Kim Rossmo was speeding through Japan on a bullet train when he came up with the math equation at the centre of his geographic profiling theory. It was 1991 and Rossmo--then a Vancouver beat cop on his way to becoming the first working Canadian police officer with a Ph.D.--was there doing unrelated research. As a math problem he'd been working on began unravelling in his mind, he scribbled the numbers on a couple of napkins. And in the months that followed he developed that algorithm into Rigel--the basis of his doctoral thesis and for a revolutionary, $70,000 computer program that has helped police around the world track down some of their most-wanted criminals.

Born and raised in Saskatoon, Rossmo, now 49, was a high school math whiz. He not only taught himself calculus in Grade 10 but two years later asked for permission to write the Grade 12 algebra final in the second week of classes. He scored 100 per cent. Rossmo studied math for two years at the University of Saskatchewan but dropped out due to boredom. An adrenaline junkie, he turned to law enforcement, spending 21 years on the Vancouver police force, often walking the tough downtown Eastside beat. Always a thinking man's cop, he earned his master's, then his Ph.D., at Simon Fraser University in nearby Burnaby during his off-duty hours.

His geographic profiling theory is based on research showing that serial criminals--murderers, rapists or arsonists--almost always commit crimes near, but not too near, their homes. Rigel (named after a star in the constellation Orion, the hunter) performs 400,000 mathematical calculations on evidence from crimes thought to be linked.

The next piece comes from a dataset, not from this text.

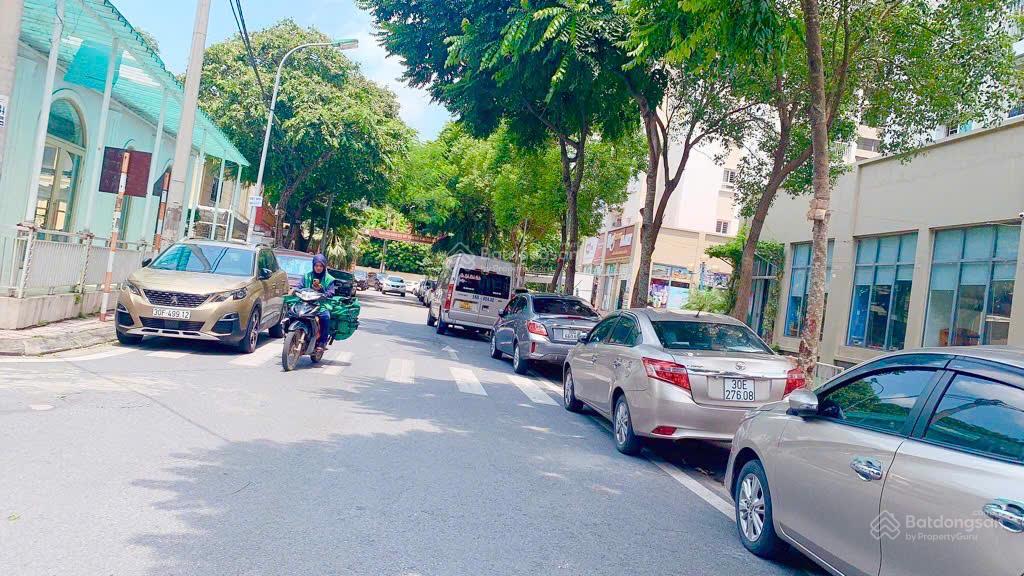 View cv, sân bóng, plô, 3 ôtô tránh, KD, phố Lý Sơn, Ngọc Thụy, LB, DT 112m2 MT 5.5 m, giá 18 tỷ 8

The result: a colour-coded map indicating "hot zones," which Rossmo says reduces the search area for a suspect's dwelling by 90 per cent. For instance, when a serial rapist was loose in Mississauga, Ont., in 1998, police had a cumbersome list of 312 suspects. Rossmo quickly narrowed the field, and the man eventually convicted was sixth on Rigel's list. "We don't solve crimes," cautions Rossmo. "DNA testing solves crimes. We just help you narrow your tests to the right group sooner."

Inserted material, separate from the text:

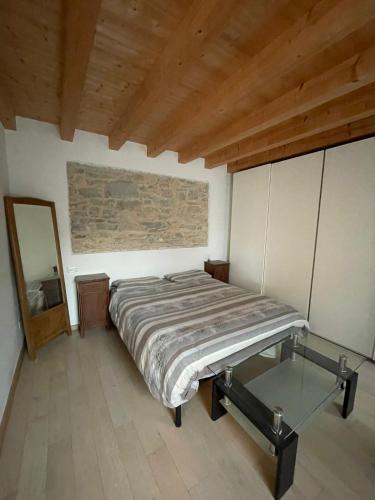 a bedroom with a bed and a mirror in it at Casa Riva Us in Dussoi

Over the years, Rossmo and his trusty cyber-sidekick--with or without him--have helped lock up the bad guys in more than 3,000 criminal cases, spanning five continents. During the mid-'90s, while he headed the world's first geographic profiling unit with the Vancouver police, he logged more than 150,000 km a year in the air. Cases have ranged from the Paul Bernardo schoolgirl murders in St. Catharines, Ont., and serial rapes in Leeds, England, to the Beltway snipers of 2002, when John Allen Mohammed and Lee Malvo's shooting spree left 10 people dead near Washington.

Officers on about 10 forces around the world have now been trained to use Rossmo's program. He has left the police force, working now as a research professor in the criminal justice department at Texas State University-San Marcos. His speciality: geographic profiling, of course. But he keeps close to the action, directing Rigel on at least three criminal investigations at any given time.